Blick vom Stadthafen zum Turm der St. Marien-Kirche in Wismar. / copyright: Tourismusverband Mecklenburg-Vorpommern / dapd
Blick vom Stadthafen zum Turm der St. Marien-Kirche in Wismar.
copyright: Tourismusverband Mecklenburg-Vorpommern / dapd

An der Ostseeküste von Mecklenburg-Vorpommern kann man sich von morgens bis abends den Wind um die Nase wehen lassen – nicht faul am Strand liegend, sondern wandernd, ganz zünftig mit Rucksack.

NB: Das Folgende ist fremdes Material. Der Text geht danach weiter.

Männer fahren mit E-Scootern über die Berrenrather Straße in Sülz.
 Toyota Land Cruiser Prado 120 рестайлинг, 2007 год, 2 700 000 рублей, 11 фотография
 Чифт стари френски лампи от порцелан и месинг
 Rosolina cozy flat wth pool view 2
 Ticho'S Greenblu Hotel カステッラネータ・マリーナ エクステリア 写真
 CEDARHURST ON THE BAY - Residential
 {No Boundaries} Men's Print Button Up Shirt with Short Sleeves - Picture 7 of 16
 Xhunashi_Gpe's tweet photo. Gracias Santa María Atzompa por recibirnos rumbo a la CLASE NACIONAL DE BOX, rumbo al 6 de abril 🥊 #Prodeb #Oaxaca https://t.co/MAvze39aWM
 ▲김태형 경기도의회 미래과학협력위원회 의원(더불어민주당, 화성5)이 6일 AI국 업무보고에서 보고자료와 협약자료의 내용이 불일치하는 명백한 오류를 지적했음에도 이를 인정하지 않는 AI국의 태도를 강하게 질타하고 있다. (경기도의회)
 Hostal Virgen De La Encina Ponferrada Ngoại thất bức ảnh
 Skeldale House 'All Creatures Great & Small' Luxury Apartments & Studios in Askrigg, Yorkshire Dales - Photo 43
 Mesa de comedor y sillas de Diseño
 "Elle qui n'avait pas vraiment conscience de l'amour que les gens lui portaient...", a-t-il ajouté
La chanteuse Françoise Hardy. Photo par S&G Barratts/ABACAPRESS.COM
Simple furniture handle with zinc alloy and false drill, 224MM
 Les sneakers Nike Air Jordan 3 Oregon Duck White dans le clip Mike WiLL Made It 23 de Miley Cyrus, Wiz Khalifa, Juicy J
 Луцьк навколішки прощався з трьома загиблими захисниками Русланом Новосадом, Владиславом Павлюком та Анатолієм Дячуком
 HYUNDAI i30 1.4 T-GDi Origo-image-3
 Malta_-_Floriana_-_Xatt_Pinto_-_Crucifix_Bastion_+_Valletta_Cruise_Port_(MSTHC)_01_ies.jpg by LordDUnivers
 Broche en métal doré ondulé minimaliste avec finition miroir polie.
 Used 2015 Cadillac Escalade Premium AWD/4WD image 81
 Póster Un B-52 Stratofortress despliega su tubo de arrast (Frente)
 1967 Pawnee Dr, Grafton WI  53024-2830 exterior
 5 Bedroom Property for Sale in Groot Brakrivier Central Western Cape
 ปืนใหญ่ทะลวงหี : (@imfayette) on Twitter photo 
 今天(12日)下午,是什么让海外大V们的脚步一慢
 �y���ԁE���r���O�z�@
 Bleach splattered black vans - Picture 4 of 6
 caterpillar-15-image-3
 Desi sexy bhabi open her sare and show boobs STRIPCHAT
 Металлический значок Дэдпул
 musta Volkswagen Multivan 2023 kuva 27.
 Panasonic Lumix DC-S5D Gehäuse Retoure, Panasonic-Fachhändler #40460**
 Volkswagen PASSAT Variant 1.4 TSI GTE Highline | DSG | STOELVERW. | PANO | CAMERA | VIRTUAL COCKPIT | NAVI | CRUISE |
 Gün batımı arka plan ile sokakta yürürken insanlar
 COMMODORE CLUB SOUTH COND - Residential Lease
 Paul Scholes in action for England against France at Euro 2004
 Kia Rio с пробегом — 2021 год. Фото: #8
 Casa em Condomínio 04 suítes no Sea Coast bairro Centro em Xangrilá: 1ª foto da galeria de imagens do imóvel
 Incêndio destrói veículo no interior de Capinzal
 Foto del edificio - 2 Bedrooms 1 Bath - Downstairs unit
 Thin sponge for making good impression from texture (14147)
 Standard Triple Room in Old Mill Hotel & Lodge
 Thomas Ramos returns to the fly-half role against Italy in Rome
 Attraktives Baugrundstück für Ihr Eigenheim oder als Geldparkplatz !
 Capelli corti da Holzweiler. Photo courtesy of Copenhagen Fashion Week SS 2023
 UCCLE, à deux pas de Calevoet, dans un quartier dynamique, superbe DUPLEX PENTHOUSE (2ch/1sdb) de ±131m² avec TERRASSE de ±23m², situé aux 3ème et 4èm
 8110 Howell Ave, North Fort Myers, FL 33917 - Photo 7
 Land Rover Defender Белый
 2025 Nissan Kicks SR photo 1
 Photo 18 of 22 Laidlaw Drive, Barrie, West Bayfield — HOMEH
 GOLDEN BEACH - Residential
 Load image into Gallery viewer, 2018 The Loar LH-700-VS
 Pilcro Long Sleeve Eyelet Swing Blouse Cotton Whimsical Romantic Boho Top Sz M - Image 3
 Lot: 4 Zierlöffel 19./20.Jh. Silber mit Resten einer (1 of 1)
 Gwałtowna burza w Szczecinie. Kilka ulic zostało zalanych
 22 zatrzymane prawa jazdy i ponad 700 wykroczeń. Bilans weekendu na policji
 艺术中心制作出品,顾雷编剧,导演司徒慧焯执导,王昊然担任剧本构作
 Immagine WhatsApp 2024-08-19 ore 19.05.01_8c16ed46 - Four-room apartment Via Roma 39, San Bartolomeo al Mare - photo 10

Steilküsten, Strand und Weltkulturerbe auf dem Fernwanderweg E9

Der Fernwanderweg E9 führt über 400 Kilometer zwischen Ahlbeck auf der Insel Usedom und Travemünde bei Lübeck fast ausschließlich am Meer entlang. Von den insgesamt 40 Kilometer langen Sandstränden Usedoms in die altehrwürdige Hansestadt Greifswald. Weiter geht es nach Stralsund, dessen Altstadt seit 2002 Unesco-Weltkulturerbe ist. Von dort zum Darß mit seinen schönen Stränden und wo sich jedes Jahr im Frühjahr und im Herbst Zehntausende Kraniche in den Bodden versammeln. Über die Hansestadt Rostock und Warnemünde zu den Ostseebädern Heiligendamm, Kühlungsborn und Rerik. Vom zweiten Weltkulturerbe am Wegesrand – der Altstadt von Wismar – nach Boltenhagen. Und schließlich entlang der Steilküste über den Priwall nach Travemünde. Für die gesamte Strecke sollten Wanderer mindestens 15 Tage einplanen. Oder sich einen Teilabschnitt vornehmen. So wie wir zum Beispiel – den vom Ostseebad Warnemünde nach Travemünde.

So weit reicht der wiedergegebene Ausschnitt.